Experiments and results⚓︎

  • Experiment 1: 7 planning domains from the LLM-PlanBench, GPT-4 class model, temperature 0, 10 iteration limit. Average accuracy >88%, with strong performance across most domains.
  • Experiment 2 (ablation): tested temperatures 0, 0.1, and 0.3 -- 0.1 is optimal; accuracy drops at higher temperatures.
  • Experiment 3 (domain adaptation): added new features to existing tasks (colors and sizes in Blocksworld, battery levels). Accuracy reached 70--100%, demonstrating that long-term memory enables successful transfer to upgraded domains.
  • Experiment 4 (VirtualHome simulation): simulated real-world household tasks (take food from fridge, eat, place on table). The agent also remembered a persistent instruction ("always close the fridge door") and applied it to new tasks without being reminded, confirming long-term memory utility.

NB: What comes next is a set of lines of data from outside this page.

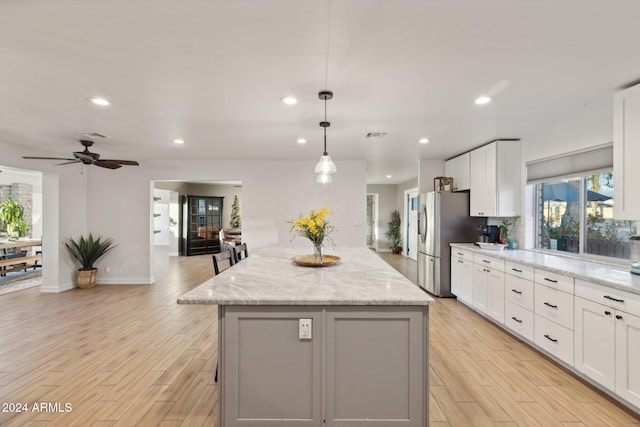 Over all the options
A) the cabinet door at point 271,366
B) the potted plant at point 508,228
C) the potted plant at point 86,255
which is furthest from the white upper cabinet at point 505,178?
the potted plant at point 86,255

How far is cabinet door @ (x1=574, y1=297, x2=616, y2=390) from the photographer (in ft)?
7.47

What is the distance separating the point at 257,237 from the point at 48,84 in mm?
3890

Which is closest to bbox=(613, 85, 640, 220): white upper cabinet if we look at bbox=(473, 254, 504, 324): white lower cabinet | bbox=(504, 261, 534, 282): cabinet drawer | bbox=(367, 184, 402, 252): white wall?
bbox=(504, 261, 534, 282): cabinet drawer

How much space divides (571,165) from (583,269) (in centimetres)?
135

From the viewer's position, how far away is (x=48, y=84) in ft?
8.21

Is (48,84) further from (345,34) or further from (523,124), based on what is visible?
(523,124)

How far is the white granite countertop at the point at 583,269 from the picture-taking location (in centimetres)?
224

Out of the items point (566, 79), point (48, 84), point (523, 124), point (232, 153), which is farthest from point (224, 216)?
point (566, 79)

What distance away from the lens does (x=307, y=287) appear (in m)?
2.07

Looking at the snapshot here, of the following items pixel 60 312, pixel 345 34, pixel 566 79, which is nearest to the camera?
pixel 345 34

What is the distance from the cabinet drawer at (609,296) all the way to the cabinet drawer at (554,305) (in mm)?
154

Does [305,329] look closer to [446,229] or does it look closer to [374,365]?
[374,365]

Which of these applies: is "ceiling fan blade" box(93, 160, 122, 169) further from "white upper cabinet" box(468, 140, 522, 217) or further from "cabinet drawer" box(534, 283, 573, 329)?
"cabinet drawer" box(534, 283, 573, 329)

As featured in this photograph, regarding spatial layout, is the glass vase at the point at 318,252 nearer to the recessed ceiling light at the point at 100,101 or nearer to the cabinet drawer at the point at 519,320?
the cabinet drawer at the point at 519,320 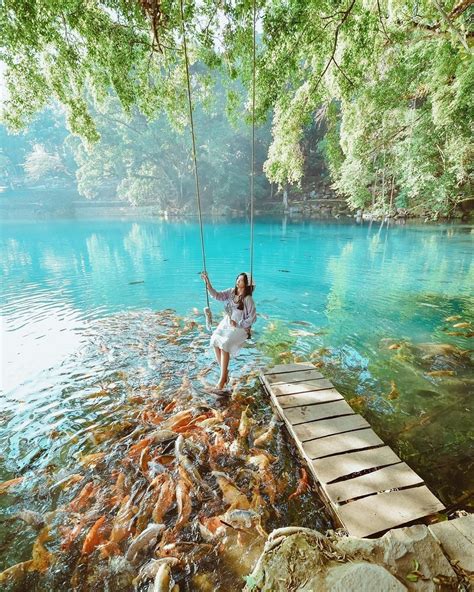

Limitations and critique⚓︎

  • Quality score is opaque -- no formula provided, only described as a 0--1 scale based on plan executability and information completeness.
  • Tasks are very simple -- Blocksworld, Tireworld, VirtualHome; the most complex example is changing tires, which is far simpler than a real garage procedure.
  • No discussion of ontological contradictions -- as the knowledge base grows, conflicting facts may accumulate with no resolution mechanism.
  • No low-level planning -- the framework operates only at high-level abstraction (e.g., "open fridge," "take food"); real-world robotics requires fine-grained motor control (step forward, raise hand, grasp handle), which is not addressed.
  • Plan evaluation is text-based -- similarity scoring compares text descriptions, but reasonable-sounding plans may fail during execution (the "Neocon law" problem).
  • Reproducibility concerns -- the speaker did not attempt to run the code, believing it required special OpenAI research resources; the mentor noted that modern cloud GPUs ($10/day for H100) and coding assistants make reproduction feasible.

Discussion highlights⚓︎

  • High-level vs. low-level planning: should agents learn only abstract plans or also detailed motor sequences? The speaker proposed a hierarchical approach -- TAPAS generates high-level plans, while a separate "brain" inside the robot handles low-level execution (analogous to brain vs. spinal cord).
  • Domain adaptation and memory: skills from low-level designs could be reused across domains, but high-level designs would require significant retraining. The mentor noted this distinction itself could be a research paper.
  • Software development analogy: typical development workflows (design, backend, frontend, testing, deployment) are also planning problems with reusable "bricks" -- measuring plan quality when multiple valid plans exist remains an open question.
  • The mentor emphasized that future speakers should at least attempt to run the code from papers they present, using available cloud tools and coding assistants.